Now that your structure exists, you can access all variables it embeds. But it will not be updated by Luos engine as described above, for this one step remains: you have to create a service and tell Luos engine that you are using a profile and that you want the platform to handle it for you.

So far, you learned to create a service with the Luos_CreateService() call, but we did not talk about giving information to the platform about the profile you instantiated. In fact, a function exists and can do this job for you. Every profile implementation for a specific type comes with a Profile_CreateService() function wich is similar to the Luos_CreateService() routine. It actually calls Luos_CreateService() and some other glue-routines to register your profile structure in the platform. For the motor profile, the dedicated routine is showed here:

service_t *ProfileServo_CreateService(profile_servo_motor_t *profile_servo_motor, SERVICE_CB callback, const char *alias, revision_t revision);

The returned service_t* is a service structure pointer that will be useful to make your service act in the network.

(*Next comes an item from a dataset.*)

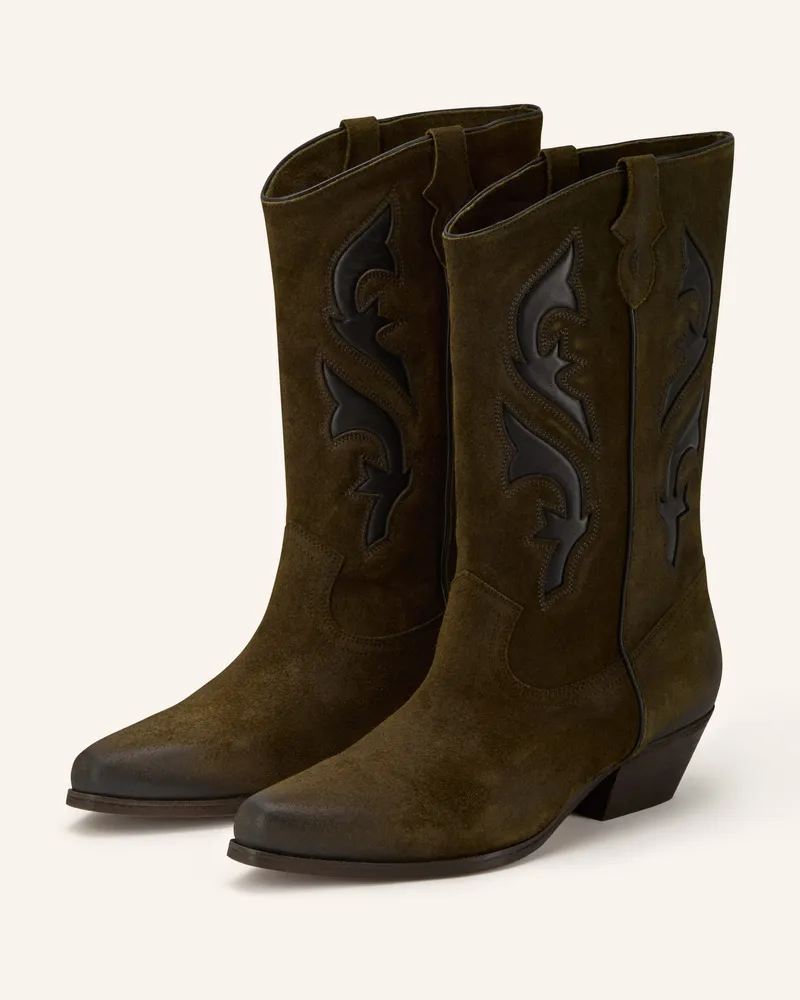 ba&sh Cowboy Boots Curtis braun Dunkelbraun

  • callback is a pointer to the same callback function described in the service management section. The main difference between profile services and custom services is that you don't need to manage any message in this callback because the profile handles it for you. You can use this callback to make your code react to an event or manage custom messages on top of the profile.
  • var is the profile structure pointer you just created.
  • default alias is the alias by default for your new service, e.g. Myprofile02. This alias is the one your service will use if no other alias is set by the user of your functionality hosted in your service. Aliases have a maximum size of 16 characters.
  • revision is the revision number of the service you are creating.

Following the packages rules, here is a code example for a button service using a state profile:

#include "profile_state.h"

template_state_t button_template;
profile_state_t *button = &button_template.profile;

void Button_Init(void)
{
// service initialization
revision_t revision = {.major = 1, .minor = 0, .build = 0};
// Profile configuration
button.access = READ_ONLY_ACCESS;
// Service creation following state profile
ProfileState_CreateService(&button, 0, "button", revision);
}

void Button_Loop(void) {
button.state = (bool)HAL_GPIO_ReadPin(BTN_GPIO_Port, BTN_Pin);
}

You can notice that you did not send any Luos message to share the button's state: if an application wants to access this information, the state profile will share it for you. You only have to update the button's state value in your code. Supported profiles are available in this repository.